Colonic dialysis with YS decreased SCr and BUN levels in CRF rats (P<0.05), and alleviated the pathological changes of renal and colon tissues. Expressions of SIRT1, ZO-1, Claudin-1, Beclin-1, and LC3II/I were increased in the YS group compared with the CRF group in vivo (P<0.05). In in vitro study, compared with normal group, the expressions of SIRT1, ZO-1, and Claudin-1 were decreased, and expressions of Beclin-1, and LC3II/I were increased in the 74U group (P<0.05). Compared with the 74U group, expressions of SIRT1, ZO-1, and Claudin-1 were increased, whereas Beclin-1, and LC3II/I were decreased in the YS group (P<0.05). The treatment of 3-MA and rapamycin regulated autophagy and the expression of SIRT1. SIRT1 activator intervention up-regulated autophagy as well as the expressions of ZO-1 and Claudin-1 compared with the 74U group (P<0.05).

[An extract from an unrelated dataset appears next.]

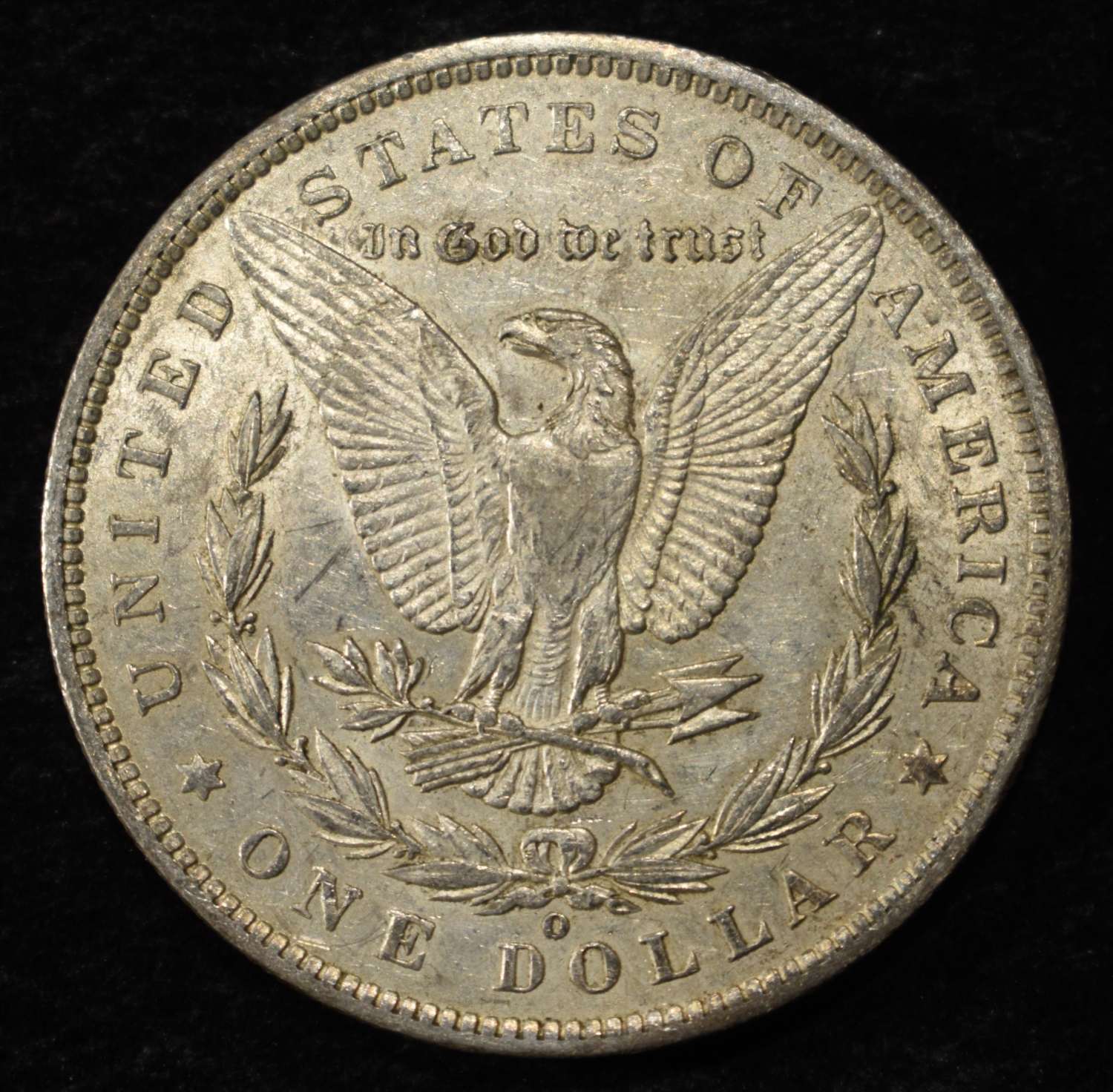 1886-O MORGAN DOLLAR AU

Colonic dialysis with YS could improve autophagy disorder and repair CRF intestinal mucosal barrier injury by regulating SIRT1 expression in intestinal epithelial cells.

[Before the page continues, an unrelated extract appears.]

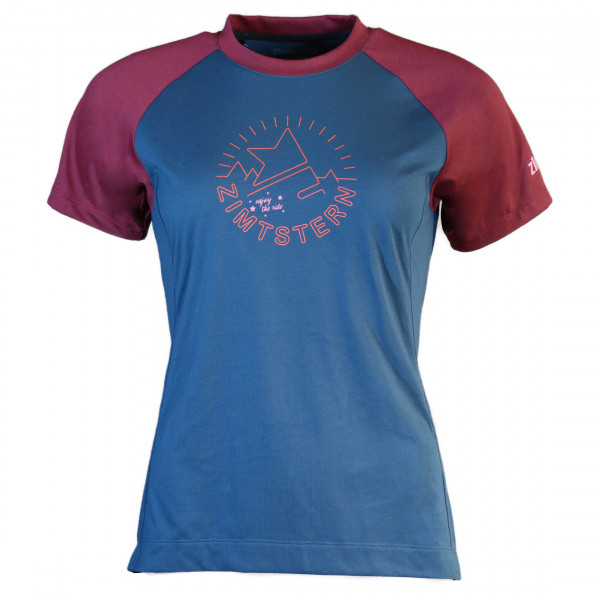 Zimtstern - Women's Pureflowz Shirt S/S - Velotrikot Gr L blau von Zimtstern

探讨益肾汤结肠透析改善慢性肾衰竭(CRF)大鼠体内及体外肠上皮细胞自噬紊乱的机制。
将30只雄性SD大鼠按随机数字表法随机分为正常组、CRF组和益肾汤结肠透析组(n = 10)。采用腺嘌呤200 mg/(kg•d)灌胃4周建立CRF模型。益肾汤组CRF大鼠采用20 g/(kg•d)益肾汤进行结肠透析,连续14天。采用酶联免疫吸附测定法检测血清肌酐(SCr)和尿素氮(BUN)水平。苏木精-伊红染色观察肾和结肠组织的病理变化。电子显微镜观察结肠上皮细胞自噬体变化。体外实验,培养人结肠癌上皮细胞(T84),分为正常组、尿素模型组(74U)、益肾汤结肠透析组、自噬激活剂雷帕霉素(Ra)组、自噬抑制剂3-甲基腺嘌呤(3-MA)组和SIRT1激活剂白藜芦醇(Re)组。采用RT-PCR和蛋白质免疫印迹法检测体内外紧密连接蛋白1(ZO-1)、闭合蛋白1(Claudin-1)、沉默信息调节因子sirtuin 1(SIRT1)、微管相关蛋白1轻链3(LC3)和Beclin-1的mRNA和蛋白表达。

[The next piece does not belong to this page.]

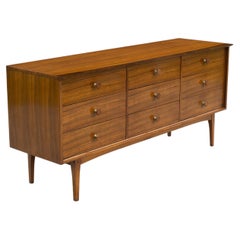 Awesome Lane Furniture 9-Schubladen-Schrank oder Kommode in Palisander & Paldao Walnuss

益肾汤结肠透析可降低CRF大鼠的SCr和BUN水平(P<0.05),减轻肾和结肠组织的病理变化。与CRF组相比,益肾汤组体内SIRT1、ZO-1、Claudin-1、Beclin-1和LC3II/I的表达增加(P<0.05)。体外研究中,与正常组相比,74U组SIRT1、ZO-1和Claudin-1的表达降低,Beclin-1和LC3II/I的表达增加(P<0.05)。与74U组相比,益肾汤组SIRT1、ZO-1和Claudin-1的表达增加,而Beclin-1和LC3II/I的表达降低(P<0.05)。3-MA和雷帕霉素处理可调节自噬及SIRT1的表达。与74U组相比,SIRT1激活剂干预上调了自噬以及ZO-1和Claudin-1的表达(P<0.05)。
益肾汤结肠透析可通过调节肠上皮细胞中SIRT1的表达改善自噬紊乱,修复CRF肠黏膜屏障损伤。